Le blocage de sites pétroliers en Libye entraîne un manque à gagner de “60 millions de dollars” par jour, au moment où les prix flambent sous l’impact de la guerre en Ukraine, déplore le ministre du Pétrole et du Gaz dans un entretien à l’AFP.
Ainsi, depuis la mi-avril, la production pétrolière, principale source de revenus de la Libye, est perturbée par une vague de fermetures forcées. La Compagnie nationale de pétrole (NOC), seule autorisée à commercialiser le brut libyen, a annoncé l’arrêt des opérations dans deux importants terminaux pétroliers et la fermeture de nombreux gisements.
“La production a baissé d’environ 600.000 barils par jour”, soit la moitié de son niveau quotidien”, souligne le ministre Mohamad Ahmad Aoun, interviewé dans son bureau à Tripoli. “En calculant le prix de vente à 100 dollars le baril, les pertes quotidiennes sont d’au moins 60 millions de dollars” (environ 57 millions d’euros), ajoute-t-il, alors que le marché est sous pression en raison de la guerre en Ukraine.
Réputation en jeu
Dotée des réserves les plus abondantes d’Afrique, la Libye est en proie à une grave crise politico-institutionnelle, dernier écueil en date dans le processus de transition censé tourner la page des années du régime de Mouammar Kadhafi, renversé en 2011.

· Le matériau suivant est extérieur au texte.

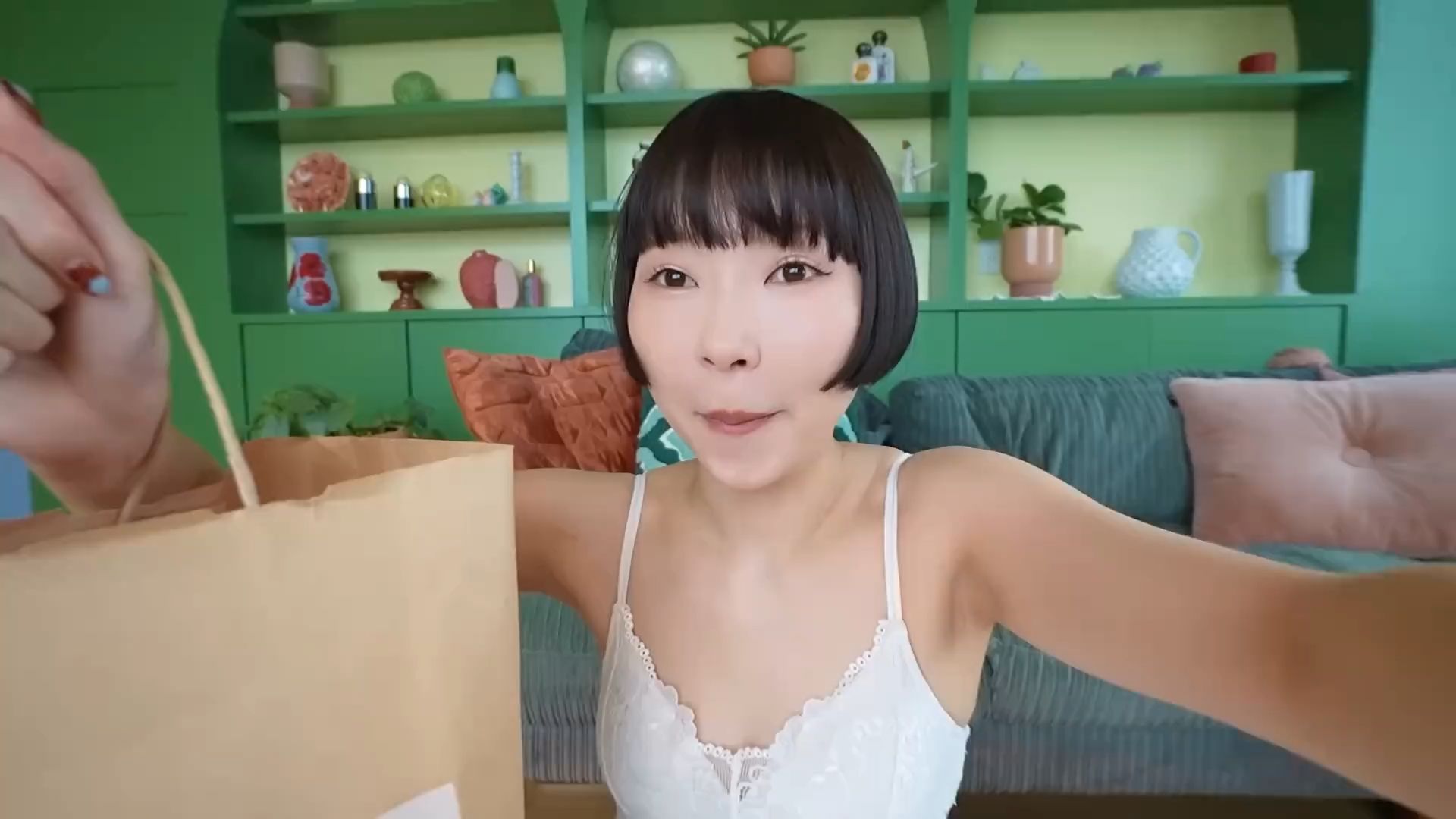 优衣库春装穿搭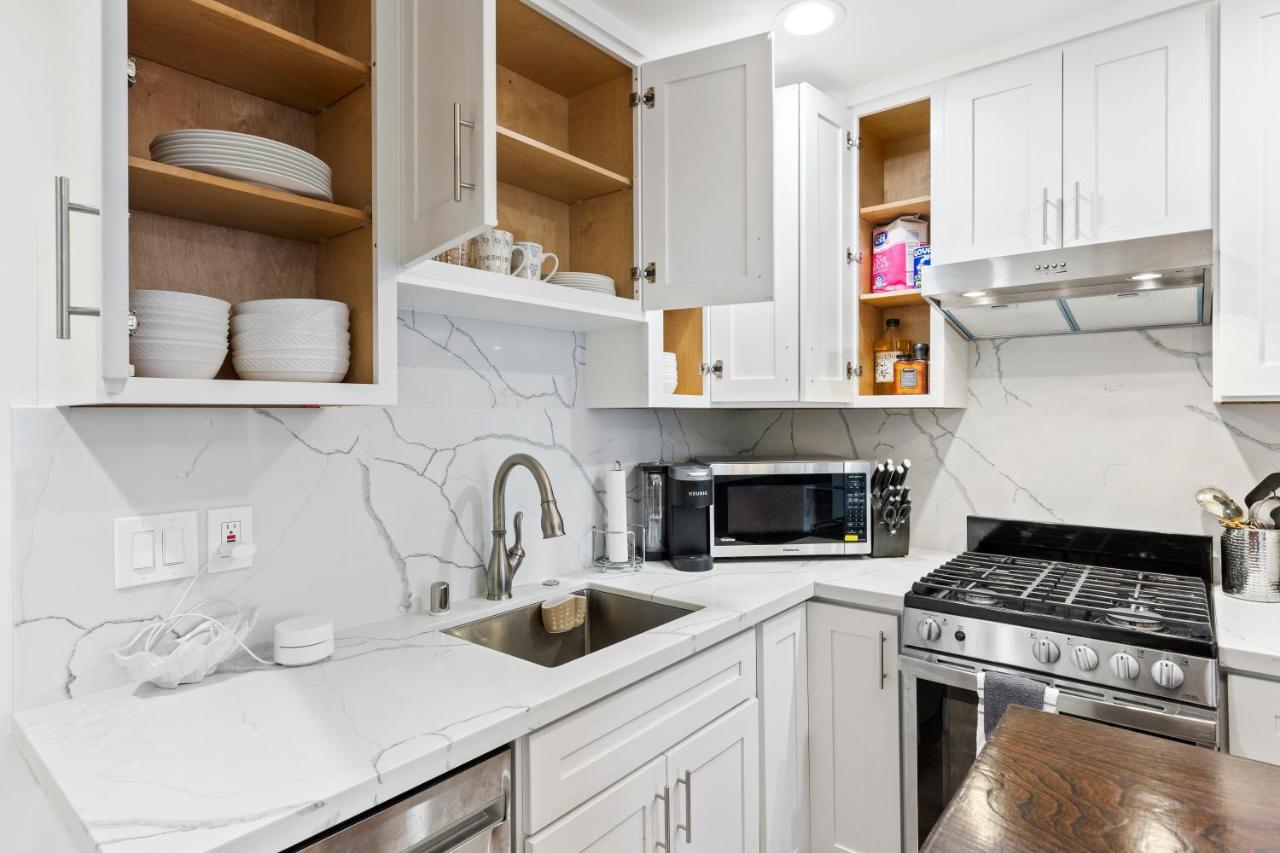 Apartment Sf Homesincity,central Location,walking Score 100 San Francisco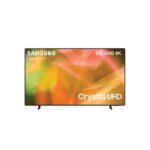 SAMSUNG 55 SMART TV 55AU8000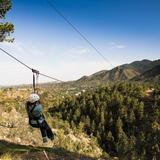 Adventures Out West Pikes Peak Ziplines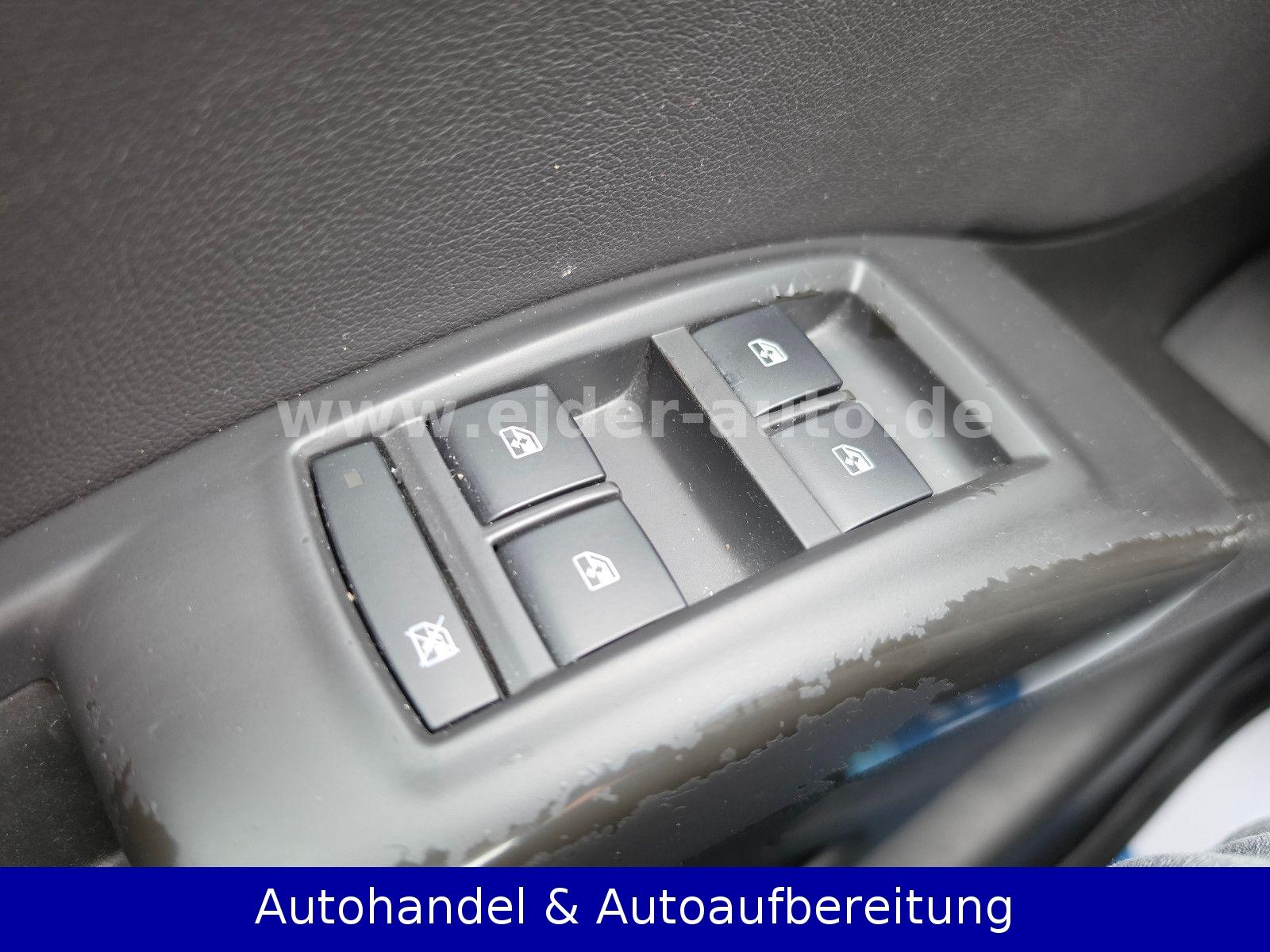 Opel Meriva B 1.4 Innovation ***TÜV+INSP:NEU***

En février, le Parlement siégeant dans l’Est a désigné l’ex-ministre de l’Intérieur, Fathi Bachagha, comme nouveau Premier ministre. Mais l’exécutif en place à Tripoli, dirigé par Abdelhamid Dbeibah, refuse de remettre le pouvoir avant la tenue d’élections, pour lesquelles aucune date n’a été fixée.
Considérés comme proches du camp de l’Est et son homme fort, Khalifa Haftar, les groupes à l’origine des blocages réclament le transfert du pouvoir à M. Bachagha ainsi qu’une “répartition équitable” des recettes pétrolières. “Les fermetures affectent les infrastructures pétrolières, en particulier les oléoducs, nuisent à la réputation de la Libye et entraînent une perte de confiance en elle sur le marché international”, regrette M. Aoun. “Quand on livre une quantité donnée à un client et que le lendemain on n’est plus en mesure de le faire, cela fait perdre à la Libye sa place sur le marché international”, martèle-t-il.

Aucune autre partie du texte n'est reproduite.